Adult conflict including domestic violence
r) There is significant conflict in the parents’ relationship, including serious incidents of domestic violence by the father against the mother. The children have been repeatedly exposed to this adult conflict. The mother expresses fear of the father. She continues to reside with him. s) The mother has at times sought safety in a shelter but resumes living with the father thereafter. She has been unable to separate herself from the father for a sustained period of time. t) When the mother is separated from the father, such as when he was in custody in the summer of 2018, she makes positive changes for herself. However, she has been unable to remain separate from the father when he is not in custody. u) In July 2018, the father was arrested due to violence against the mother. The police report indicates that the father threw the mother to the ground and choked her. The father later stated that he was intoxicated during this incident.

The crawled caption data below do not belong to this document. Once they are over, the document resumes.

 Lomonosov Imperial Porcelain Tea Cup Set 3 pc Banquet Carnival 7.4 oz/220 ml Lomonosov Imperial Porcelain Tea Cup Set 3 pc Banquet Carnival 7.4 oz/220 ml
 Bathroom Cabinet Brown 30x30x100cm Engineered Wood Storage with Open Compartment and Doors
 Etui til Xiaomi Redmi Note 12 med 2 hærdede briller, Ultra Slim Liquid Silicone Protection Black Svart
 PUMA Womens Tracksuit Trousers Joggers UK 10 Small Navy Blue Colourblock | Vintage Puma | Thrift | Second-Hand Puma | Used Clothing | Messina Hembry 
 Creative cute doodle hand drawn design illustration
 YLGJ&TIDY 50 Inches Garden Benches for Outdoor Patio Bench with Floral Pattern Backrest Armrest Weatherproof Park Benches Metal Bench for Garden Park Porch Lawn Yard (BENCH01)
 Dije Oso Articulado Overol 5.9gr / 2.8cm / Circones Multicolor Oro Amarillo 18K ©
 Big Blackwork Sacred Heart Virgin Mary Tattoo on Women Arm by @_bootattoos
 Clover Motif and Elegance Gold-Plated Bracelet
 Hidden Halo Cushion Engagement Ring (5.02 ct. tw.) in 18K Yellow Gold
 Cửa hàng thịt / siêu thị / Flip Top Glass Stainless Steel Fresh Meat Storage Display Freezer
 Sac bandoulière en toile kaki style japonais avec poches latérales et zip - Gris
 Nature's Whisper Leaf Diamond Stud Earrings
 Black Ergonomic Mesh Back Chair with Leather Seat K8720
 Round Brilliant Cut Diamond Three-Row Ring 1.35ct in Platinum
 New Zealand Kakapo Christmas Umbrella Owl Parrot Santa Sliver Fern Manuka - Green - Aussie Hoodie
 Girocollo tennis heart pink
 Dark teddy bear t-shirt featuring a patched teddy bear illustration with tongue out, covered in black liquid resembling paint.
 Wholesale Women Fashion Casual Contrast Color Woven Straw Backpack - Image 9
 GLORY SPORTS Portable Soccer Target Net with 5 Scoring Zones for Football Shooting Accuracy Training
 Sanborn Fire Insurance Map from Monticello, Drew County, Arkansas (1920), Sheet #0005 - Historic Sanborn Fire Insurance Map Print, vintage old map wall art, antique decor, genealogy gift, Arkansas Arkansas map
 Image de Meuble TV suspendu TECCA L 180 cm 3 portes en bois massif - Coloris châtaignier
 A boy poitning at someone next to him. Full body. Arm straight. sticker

Following this incident the mother reported fear of the father but gave her consent for him to contact her after his release from custody. v) In 2016 the father was convicted of “Uttering Threat to Cause Death or Bodily Harm.” w) As recently as September 23, 2018, the mother told the police that she is afraid of the father. x) Notwithstanding that domestic violence has been an ongoing concern and that the mother has repeatedly been victimized, she has declined programming related to violence against women.
Police involvement
y) The parents’ conflict and difficulties with alcohol have often led to the involvement of the police. From January 2016 to December 2018, the parents were involved with the police on numerous occasions. The police noted that the parents were intoxicated on almost all occasions. The police records include, for example, the following incidents: z) On September 22, 2016, the mother fell and broke her nose. The police noted that both parents were intoxicated and the children were unattended. The society was called; aa) On April 14, 2018, the mother was apprehended under the Mental Health Act, the father was noted to be intoxicated. He was seen trying to remove the mother’s restraints; bb) On June 1, 2018, the father was found by police to be intoxicated in public and charged under the Liquor Licence Act; cc) On September 23, 2018, the father was arrested for public intoxication. He was aggressive with the police and was carrying a pellet gun; on this occasion the mother revoked the consent to contact; dd) On October 31, 2018, the mother ran into a bar and was seen to have a one inch cut on her hand and a pink linear mark on her cheek. She said she and the father had had an argument. The police noted that the mother was intoxicated; ee) On December 5, 2018, the police responded to a domestic incident in which alcohol was involved.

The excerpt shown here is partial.